Lopez is the executive director of the Human Relations Commission, a nonprofit contracted out by Orange County. She and her staff collect reports, observe and write about their findings in an annual report.

But last fall, they approached the Orange County Board of Supervisors proposing that the Human Relations Commission take a more active role. Thus far, they’ve always referred people to other organizations that might be able to help a victim of hate acts.

What You Need To Know

  • The Orange County Board of Supervisors has pledged another $1 million to stop hate acts and speech 

  • The money will help pay for contracts with six community organizations that will help victims of hate pay legal fees, with counseling and other assistance

  • The money will also help pay for translation of information into seven languages and allow the Human Relations Commission to process reports of hate in other languages 

  • The county planned to host a discussion about the problem on Monday

Now, the county has put $1 million dollars into a new campaign called “Hate Hurts Us All.” With the money, Lopez and her team have hired a marketing firm which coined the slogan, designed the logo and has pressed forward with publicity. Lopez has also established contracts with six community nonprofits. These nonprofits provide wrap-around services for victims that can include legal help, counseling and even financial support. And each group is specifically contracted for the disparate groups of people who may be targeted by hate speech.

“We know that hate activity is under-reported. The numbers we’re seeing now are a very small percentage of the activity that’s happening,” Lopez said. “A lot of our marginalized communities have reasons for not reporting — everything from being afraid to report to normalizing the hate activity. My hope is this campaign will change that, and that Orange County can come together and not only advocate for the change but affect change.”
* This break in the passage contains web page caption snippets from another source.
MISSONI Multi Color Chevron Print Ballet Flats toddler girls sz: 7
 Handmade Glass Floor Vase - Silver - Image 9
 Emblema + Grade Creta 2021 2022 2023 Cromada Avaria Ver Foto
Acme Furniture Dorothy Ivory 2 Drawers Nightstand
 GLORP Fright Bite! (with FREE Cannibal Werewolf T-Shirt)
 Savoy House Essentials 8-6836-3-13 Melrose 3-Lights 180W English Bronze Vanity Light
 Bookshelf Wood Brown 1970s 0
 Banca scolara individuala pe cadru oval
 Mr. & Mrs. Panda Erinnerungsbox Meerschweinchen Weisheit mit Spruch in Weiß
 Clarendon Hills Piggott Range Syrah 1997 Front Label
Victims of hate acts and language can call, email or text the numbers 211 or 898211. Lopez said a key is for there to be more information in more languages and that there are more people available who can communicate in other languages. Materials and communication with victims are available in Arabic, Tagalog, Farsi, Vietnamese, Chinese, Korean, Spanish and English.

“If you’re victimized, there are places you can go,” she said. “There are people who can help.”

The Orange County Board of Supervisors and various community organizations were expected to announce the money Monday morning at Irvine City Hall.